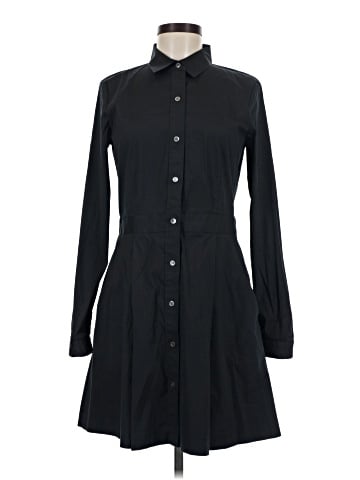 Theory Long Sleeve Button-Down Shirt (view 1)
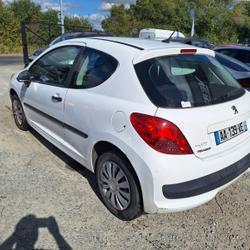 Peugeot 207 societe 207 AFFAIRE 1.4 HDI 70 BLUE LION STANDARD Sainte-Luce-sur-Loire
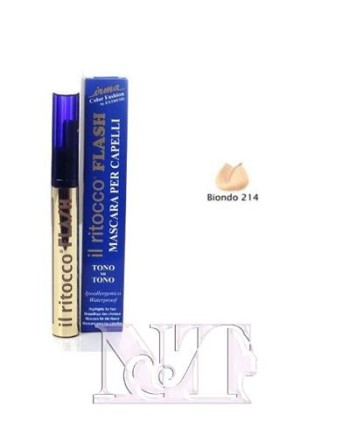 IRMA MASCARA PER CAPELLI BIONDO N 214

**WHAT YOU ARE ASKED TO DO**
Except for the pictures, write the data out exactly.

**OUTPUT FOR THIS TASK**
 Theory Long Sleeve Button-Down Shirt (view 1)
 Peugeot 207 societe 207 AFFAIRE 1.4 HDI 70 BLUE LION STANDARD Sainte-Luce-sur-Loire
 IRMA MASCARA PER CAPELLI BIONDO N 214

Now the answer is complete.